The anxiety was intense, and it had me constantly questioning my partner’s feelings for me. After all, if he really had feelings for me, he’d desire me sexually at all times, right? Irrational, yes. But that’s the nature of PTSD.
Then suddenly, I began to experience a kind of sexual dysfunction.
It took a year and a half, two doctors, and many blood tests and ultrasounds to come to a diagnosis of polycystic ovarian syndrome (PCOS). While it’s different for every woman, the first signs I had were bleeding with intercourse (a frightening experience if it’s never happened to you before), followed by prolonged abnormal uterine bleeding, which at one point lasted more than 30 consecutive days.
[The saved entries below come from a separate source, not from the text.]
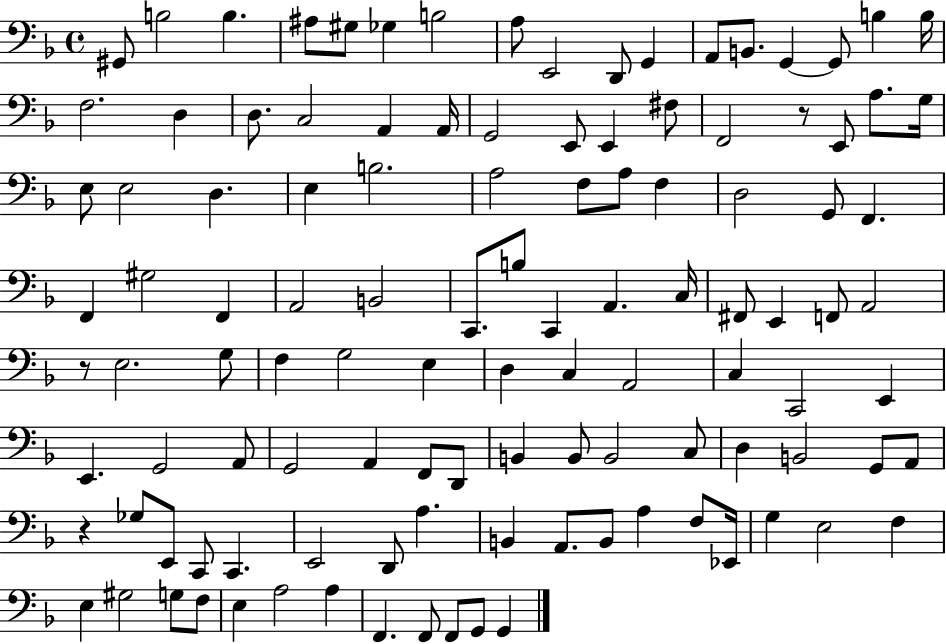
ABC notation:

X:1
T:Untitled
M:4/4
L:1/4
K:F
^G,,/2 B,2 B, ^A,/2 ^G,/2 _G, B,2 A,/2 E,,2 D,,/2 G,, A,,/2 B,,/2 G,, G,,/2 B, B,/4 F,2 D, D,/2 C,2 A,, A,,/4 G,,2 E,,/2 E,, ^F,/2 F,,2 z/2 E,,/2 A,/2 G,/4 E,/2 E,2 D, E, B,2 A,2 F,/2 A,/2 F, D,2 G,,/2 F,, F,, ^G,2 F,, A,,2 B,,2 C,,/2 B,/2 C,, A,, C,/4 ^F,,/2 E,, F,,/2 A,,2 z/2 E,2 G,/2 F, G,2 E, D, C, A,,2 C, C,,2 E,, E,, G,,2 A,,/2 G,,2 A,, F,,/2 D,,/2 B,, B,,/2 B,,2 C,/2 D, B,,2 G,,/2 A,,/2 z _G,/2 E,,/2 C,,/2 C,, E,,2 D,,/2 A, B,, A,,/2 B,,/2 A, F,/2 _E,,/4 G, E,2 F, E, ^G,2 G,/2 F,/2 E, A,2 A, F,, F,,/2 F,,/2 G,,/2 G,,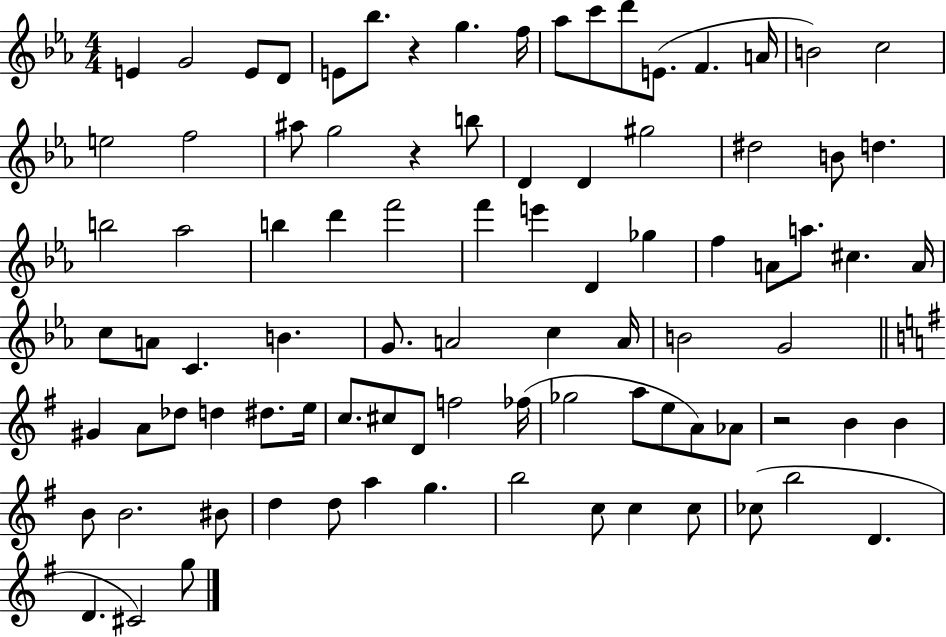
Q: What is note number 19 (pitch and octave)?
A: A#5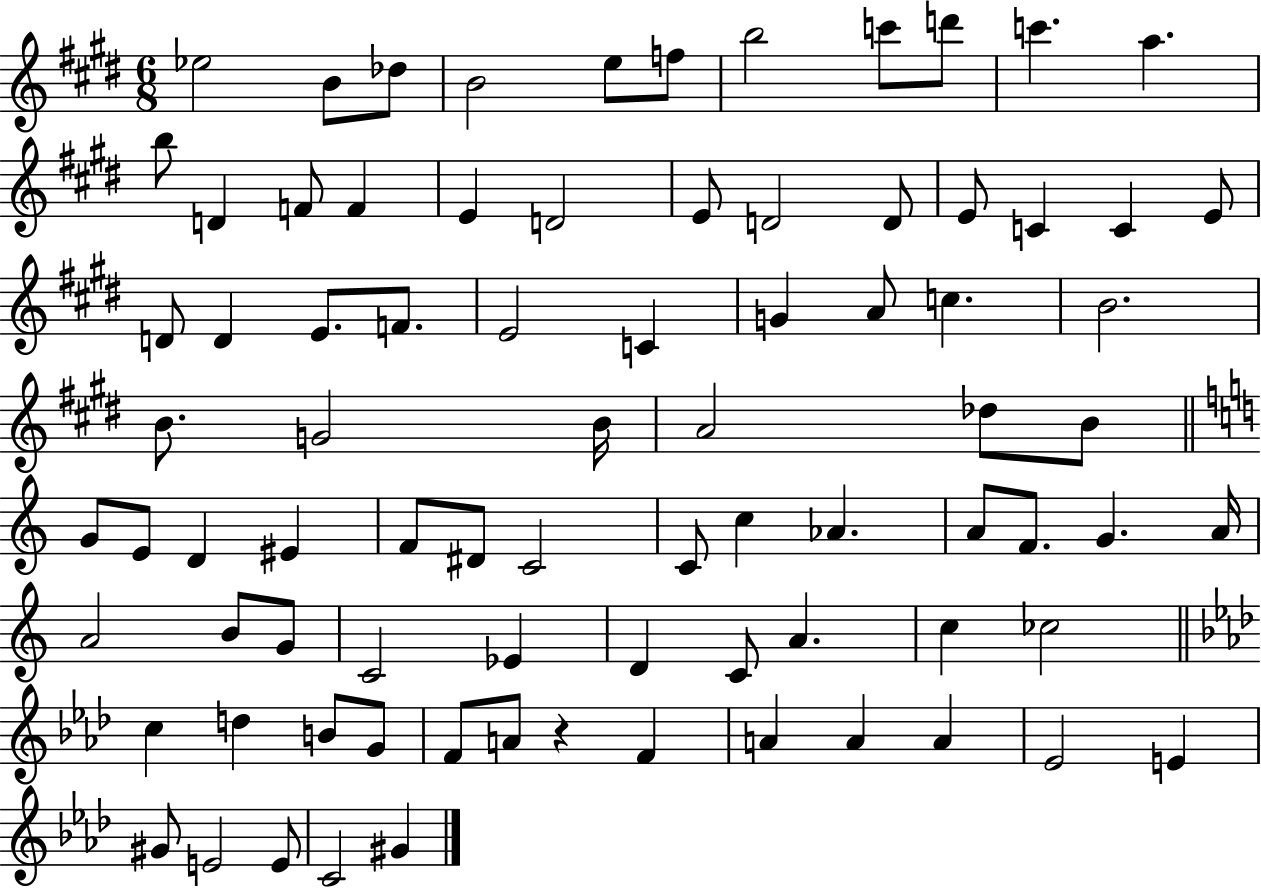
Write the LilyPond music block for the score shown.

{
  \clef treble
  \numericTimeSignature
  \time 6/8
  \key e \major
  \repeat volta 2 { ees''2 b'8 des''8 | b'2 e''8 f''8 | b''2 c'''8 d'''8 | c'''4. a''4. | \break b''8 d'4 f'8 f'4 | e'4 d'2 | e'8 d'2 d'8 | e'8 c'4 c'4 e'8 | \break d'8 d'4 e'8. f'8. | e'2 c'4 | g'4 a'8 c''4. | b'2. | \break b'8. g'2 b'16 | a'2 des''8 b'8 | \bar "||" \break \key c \major g'8 e'8 d'4 eis'4 | f'8 dis'8 c'2 | c'8 c''4 aes'4. | a'8 f'8. g'4. a'16 | \break a'2 b'8 g'8 | c'2 ees'4 | d'4 c'8 a'4. | c''4 ces''2 | \break \bar "||" \break \key f \minor c''4 d''4 b'8 g'8 | f'8 a'8 r4 f'4 | a'4 a'4 a'4 | ees'2 e'4 | \break gis'8 e'2 e'8 | c'2 gis'4 | } \bar "|."
}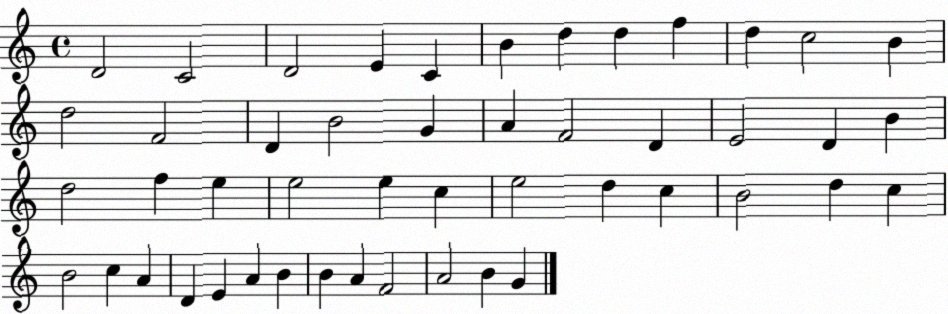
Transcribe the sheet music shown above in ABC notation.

X:1
T:Untitled
M:4/4
L:1/4
K:C
D2 C2 D2 E C B d d f d c2 B d2 F2 D B2 G A F2 D E2 D B d2 f e e2 e c e2 d c B2 d c B2 c A D E A B B A F2 A2 B G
This makes it very difficult to have normal physical intimacy with your partner.
My anxiety skyrocketed. I could no longer fully please my partner whenever he wanted to be intimate. I knew there were other ways, but the feelings of inadequacy, of ugliness, and of being completely undesirable made those attempts feel shallow, pathetic. How could he want me? How could he want to be with me, this disgusting, unsexy, asexual thing I had become? I was forced into a semi-platonic relationship with my boyfriend, and I was terrified.
Having PCOS forced me to confront a fear created by the trauma of rape—that no one could ever love me; that my worth was determined by my sexual performance.
It didn’t go well at first. I offered to break things off many times. The longer the symptoms continued, the more often I made the offer. But each time I offered, he responded as if the most current offer was even more ridiculous than the last. And even though sex had become a sort of sexual Russian roulette, he carried on as if that was what sex was like with any other woman. He normalized it. Made an uncomfortable situation acceptable.
It took a little over a year, but my inability to perform sexually forced me to look at my boyfriend as more than just my emotional warden. When sex was not an option, he expressed distaste for other sexual activities that only benefited him. It confused me, but eventually I had to admit to myself that my happiness was actually important to him. I began to realize a happy, healthy relationship with him was not contingent on his sexual satisfaction and that my anxiety was self-created.
Soon I found myself relaxing more and more around him. I could cuddle up to him on the couch while we watched a movie, with no thoughts about when and where we’d be having sex that night. It’s a liberating feeling, and it makes the intimacy we do share so much better and more natural.
It’s been just over three months since the diagnosis, but nearly two years since the adverse symptoms began. The journey has been overwhelming, and I still have occasional bouts of anxiety and depression. But for the most part, I feel a calmness I have never before experienced in a relationship. I accept that I am worth loving. I deserve to be loved. That’s a tremendous post-therapy step for me.
Skylar Shibata is a writer based in the Midwest.